Here We Go Again Already?




What is it about the economic recovery so far that allows good news to last for only six months at a time before fears rise again and the economy needs another adrenaline fix from the Fed? The pattern has been clearly reflected in the stock market, which saw its historical pattern of making its gains in the winter months and suffering corrections in the summer months even more pronounced in 2010 and 2011.

And here we go again already?

Just when it seemed we could relax, the U.S. economic recovery surprising with its strength, the Greek debt crisis kicked into the bushes, and most global stock markets in impressive six-month rallies, here comes another set of dark clouds and rumbles of thunder.

Global economic reports were unsettling from all directions this week.

The closely watched 17-nation eurozone PMI index, which measures both manufacturing and service sector strength, dropped to 48.7 in March. That was the eurozone PMI’s third straight monthly reading beneath 50, which is the dividing line between expansion and recessionary contraction, indicating Europe is sinking deeper into recession..

The similar HSBC PMI index for China, the world’s second largest economy, shocked markets, coming in at 48.1, its fifth straight monthly reading beneath 50.

Worries also rose in the Latin America region on warnings from the World Bank that “more than other regions, commodity exporting countries in Latin America [like Brazil and Argentina] would be vulnerable to any decline in commodity prices that might accompany a credit event in Europe.”

At the same time, a research report on Latin America from JP Morgan noted the importance of China, a major buyer of commodities and raw materials from the region, saying, “China’s influence in driving Latin America’s growth has increased sharply since 2008, so whatever happens in China’s economy matters for Latin America even more.”

Asia, Europe, Latin America. They’re so far away. Should U.S. investors care?

Absolutely. Global economies have always tended to move in tandem, into and out of good times and bad times pretty much simultaneously. That tendency has become more pronounced over the last 20 years as countries around the world have become even more dependent on exporting their raw materials and manufactured goods to each other.

So, if other major global economies are experiencing slowing economic growth, some even sliding back into recessions, how reasonable is it to expect the U.S. to escape a similar fate?

Already we may be seeing early warning signs in this week’s U.S. economic reports.

Economists were looking for reports from the U.S. housing industry, the first since a month ago, to confirm the economic recovery is spreading into that important sector.

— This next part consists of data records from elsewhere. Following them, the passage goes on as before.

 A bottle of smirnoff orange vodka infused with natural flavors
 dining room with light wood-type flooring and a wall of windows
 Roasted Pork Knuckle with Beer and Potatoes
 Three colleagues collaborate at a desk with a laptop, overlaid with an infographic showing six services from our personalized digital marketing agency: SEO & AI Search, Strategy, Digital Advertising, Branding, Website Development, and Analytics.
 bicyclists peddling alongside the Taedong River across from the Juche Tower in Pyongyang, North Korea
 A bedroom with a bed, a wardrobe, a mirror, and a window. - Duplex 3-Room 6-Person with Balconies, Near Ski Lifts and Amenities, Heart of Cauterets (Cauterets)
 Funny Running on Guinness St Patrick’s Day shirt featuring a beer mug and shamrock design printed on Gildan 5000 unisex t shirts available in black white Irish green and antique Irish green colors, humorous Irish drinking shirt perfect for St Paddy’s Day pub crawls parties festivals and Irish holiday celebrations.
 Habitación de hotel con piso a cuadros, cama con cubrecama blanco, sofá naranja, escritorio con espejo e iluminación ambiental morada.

Unfortunately, the reports were disappointing. They were that new housing starts unexpectedly fell 1.1% last month, existing home sales fell 0.9%, the inventory of unsold homes jumped 4.3%, and new home sales fell 1.6% (compared to the consensus forecast that they would rise 3.8%).

The U.S. stock market stumbled some in reaction to the arrival of global dark clouds, while elsewhere, markets in France and Hong Kong plunged more than 3% for the week, markets in Brazil, China, and Germany more than 2%.

Meanwhile, areas often perceived as safe havens, gold and U.S. treasury bonds, which had fallen to multi-week lows, bounced back some as money flowed back into them.

One week is not a reason for concern.

But this week’s darkening economic clouds just as another six-month cycle from last October’s low rolls around, and with 1st quarter earnings reports just two weeks away, are reasons for investors to remain cautious and alert.

Community Talk

Re: Here We Go Again Already?

This may at first glance appear as a simple answer to your query as to WHY market sentiment cycles on and off over 6 months periods, but we need to consider the fundamentals and filter out the "noise" that is generated by the government and the FED, and bankers in general through the media largely controlled by the powers that be.

The primary reason our economies have been stablilized and fundamentals have not really made any major improvements is because we have an unsound and ultimately unsustainable monetary system based on DEBT!  How can an economy become sound when money is created out of thin air, or perhaps I should say backed by nothing but the hot air of politicians who spend like drunken sailors on shore leave, and that is being kind to sailors. When .40c of every dollar the government spends is borrowed, (creating more debt) and governments already in unpayable debt situations are bailed out (Greece) so they can meet their interest payements and prevent a total meltdown of the system, HOW is any confidence and sound future planning possible?

Without SAVINGS there can be no sound accumulation of capital for growth and expansion that would create needed jobs, but where is the incentive to save when interest rates are below the level of acknowledged inflation let alone the REAL inflation hidden from the masses?

Talk about being between "a rock and a hard place" raising interest rates to a level that would make savings attractive would make current debt levels unpayable, but why should that be a surprise? When our currency supply (I won't dignify our present fiat system by calling it money when our paper I.O.U.s are effectively COUNTERFEIT) is dependent on people going into DEBT to borrow it into existence, since only the principal is ever created, the interest CAN only accumulate as a pyramid of debt that must in time collapse of its own weight on the economy.

Gold and silver may well be one of the few ways to preserve purchasing power in the present environment of crony capitalism where bad actors get bailed out and prudent working people and savers have their life's work STOLEN by white collar criminals.